Standing clean-shaven, draped in dapper suits, and facing each other with one mic, it’s too easy to drop comparisons towards The Everly Brothers and Simon & Garfunkel. Yet perhaps the aptest comparison for The Milk Carton kids would be Gillian Welch and David Rawlings, another recording duo that flawlessly hits the note. The Milk Carton Kids are from Los Angeles, but their sound and soul evokes years and places beyond their urban residencies and middle-age years.

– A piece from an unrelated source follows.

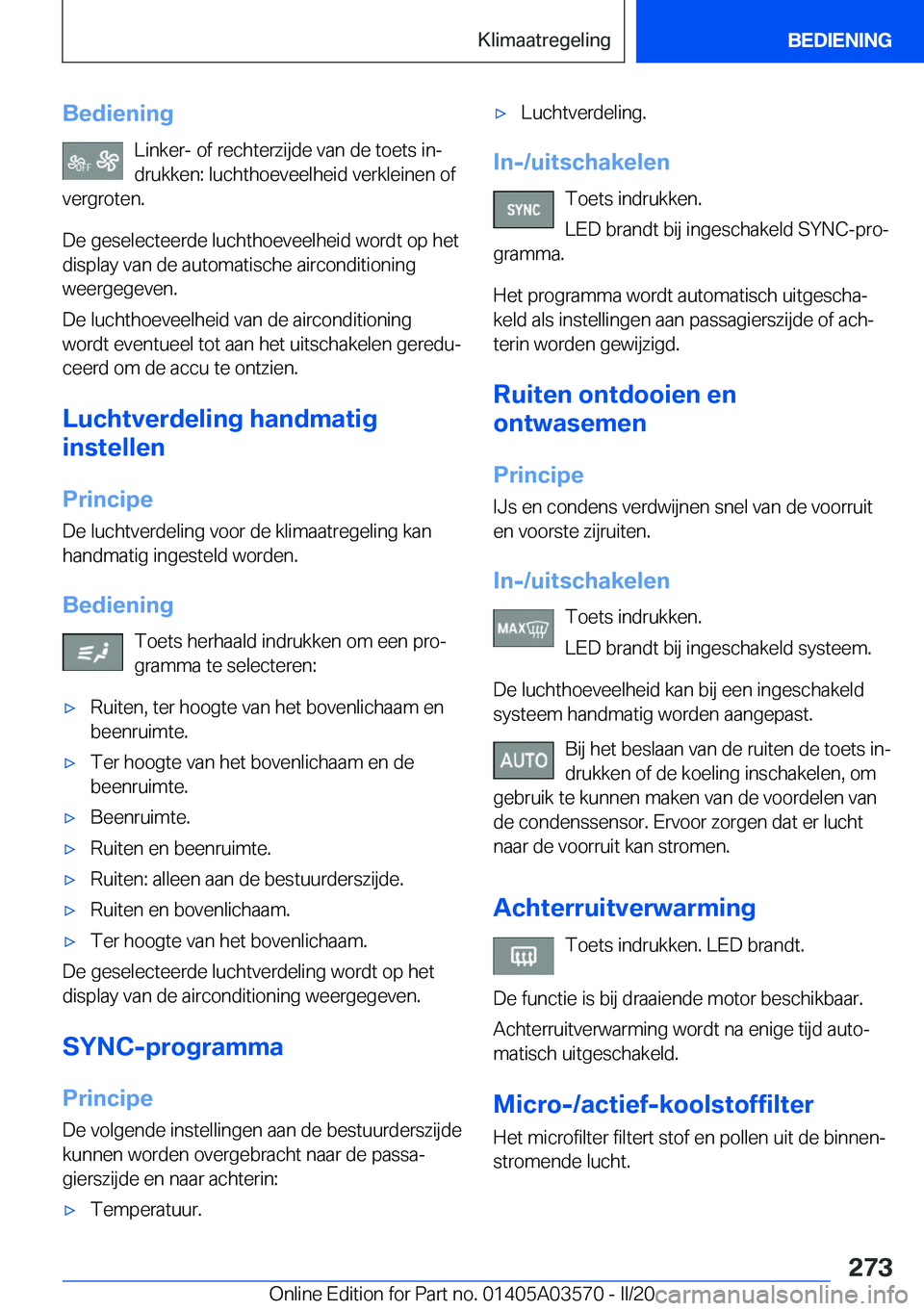 BMW X3 PLUG IN HYBRID 2020  Instructieboekjes (in Dutch) �B�e�d�i�e�n�i�n�g�L�i�n�k�e�r�-��o�f��r�e�c�h�t�e�r�z�i�j�d�e��v�a�n��d�e��t�o�e�t�s��i�nj
�d�r�u�k�k�e�n�:��l�u�c�h�t�h�o�e�v�e�e�l�h�e�i�d��v�e�r�k�l�e�i�n�e�n��o�f
�v�e�r�g�r�o�t�e�n�.
�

Opening with the slightly transcendental opener “Younger Years,” Ryan & Pattengale made a chilling opening statement where they harmonized the chorus of “held out my arms,” while one played waltzing lead guitar (Pattengale), while the other (Ryan) strummed the rhythms reliantly and patiently. 

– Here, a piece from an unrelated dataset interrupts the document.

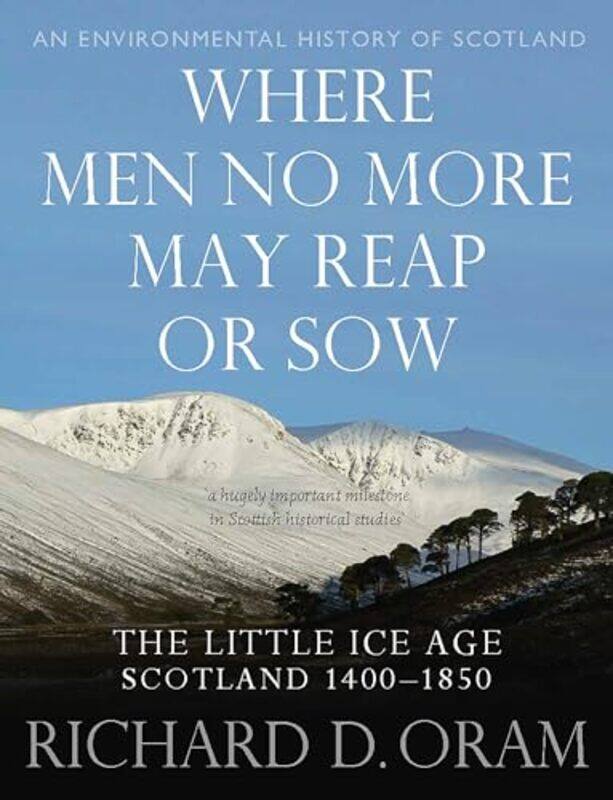 

Where Men No More May Reap or Sow by Richard D. Oram -Hardcover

One of the duo’s earliest numbers “Broken Headlights” delivered another sepia-toned melancholy nostalgia that murdered with its euphonious chorus of “fast cars with their broken headlights/run the red lights in the canyon.” Soon to be followed the duo showcased another helping of ear candy with the tuneful “The Ash & Clay” that charmed with its minimalist grace.

While the Milk Carton Kids deliver knock ’em dead melodies and songcraft, the biggest paradox again is the comedic post song banter between Ryan & Pattengale. Ryan plays the straight guy delivering dry observations, while Pattengale, no stooge by a longshot, plays the foil, but can also swing in a hit on the witty Ryan.

This evening’s banter ran the gamut from coaching little league baseball to $1 vs $5 tooth fairy visits and how a certain riff always reminds Pattengale of Adam Sandler’s “Hanukkah Song” -which then dove into an observational rabbit hole about the festival of lights.

And while the two continue to entertain with wry observations, they again upped the ante by jumping into the emotive song about death (“A Sea of Roses”) perhaps written around Pattengale’s recent and successful bout with cancer. 

“Everyone says we sound just like The Everly Brothers, but we try not to,” said Ryan before paying respect to the recently deceased Don Everly with a spirited rendition of the pioneering duo’s “Asleep.” “Secrets of The Stars” brought more  sparse echoey folk as did of the last songs in the set “I Meant Every Word I Said” This breakup song can be interpreted as our country’s endless battle with the pandemic and politics when the duo harmonize “I don’t want to fight anymore..”

For the encore, the duo invited Heynderickx back to the stage for a rousing version of “Michigan,” which had shining three-part harmonies on the chorus. And for the closer, Heynderickx strapped on Ryan’s guitar and they treated the MIM to a well-suited version of George Harrison’s “Behind That Locked Door” from the heralded All Things Must Pass LP. Pristine acoustics, good-natured pleasantries and soaring harmonies gave this billing a perfect match for a night at the museum.